Some of the key things to know are the undocumented (at least not documented on the web site) modules that are available. One of them contains the Linux inotify header. If you've downloaded the zip file from the website take a look at the src/druntime/src directory for these modules.

I took the example from http://stackoverflow.com/questions/4062806/inotify-how-to-use-it-linux and made some changes to get it to compile and run in D.
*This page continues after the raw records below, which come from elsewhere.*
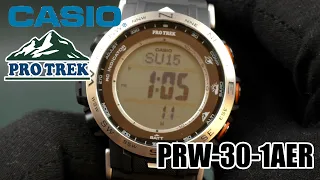 CASIO PRW-30-1AER  Pro Trek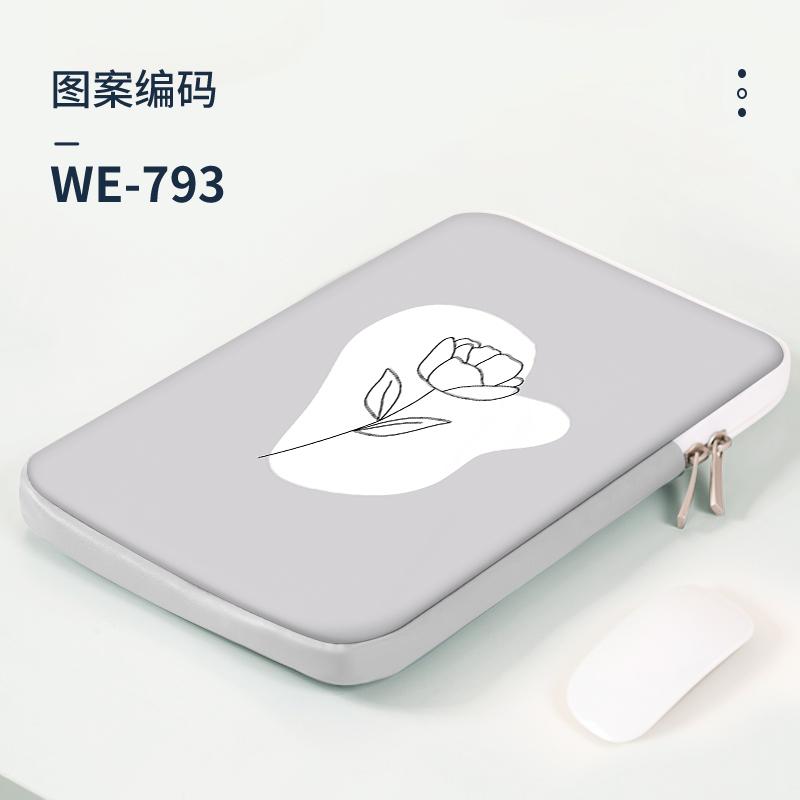 

Сумка для ноутбука Simplicity DIY 11 12 13 14 15.6 для ноутбука противоударный чехол для Macbook Hp ASUS Dell PU сумка для переноски противоударный чехол 10inch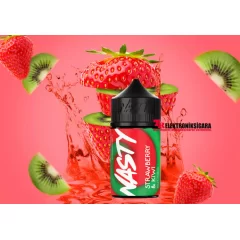 Nasty Juice Strawberry Kiwi Premium Likit 60ml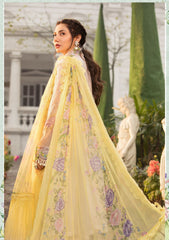 Summer Dress - Maria B - Mein Teri Aan - D#03A available at Saleem Fabrics Traditions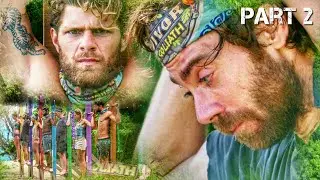 4th Individual Immunity Challenge Part 2 - Survivor: David vs Goliath S37E10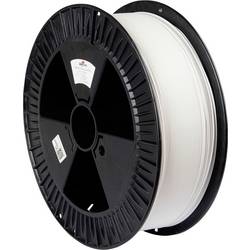 Spectrum Filaments 80125 PLA Premium vlákno pro 3D tiskárny PLA plast Vysoká pevnost v tahu 1.75 mm 2000 g Polární bílá, bílá 1 ks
import core.sys.linux.sys.inotify;
import core.stdc.stdlib : malloc;
import core.sys.posix.unistd : read;

import std.stdio : writeln;
import std.string: toStringz;

enum PATH_MAX = 256;

void main()
{
    string filename="aaa";

    int inotfd = inotify_init();
int watch_desc = inotify_add_watch(inotfd, toStringz(filename), IN_MODIFY);

    size_t bufsiz = inotify_event.sizeof + PATH_MAX + 1;
    inotify_event* event = cast(inotify_event *) malloc(bufsiz);

    /* wait for an event to occur */
    read(inotfd, event, event.sizeof);

    /* process event struct here */
    writeln("Received inotify event.");
}

As far as monitoring a directory, you can do that with inotify the same way you would a file. See http://www.ibm.com/developerworks/linux/library/l-ubuntu-inotify/index.html for more a C example (Listing 1).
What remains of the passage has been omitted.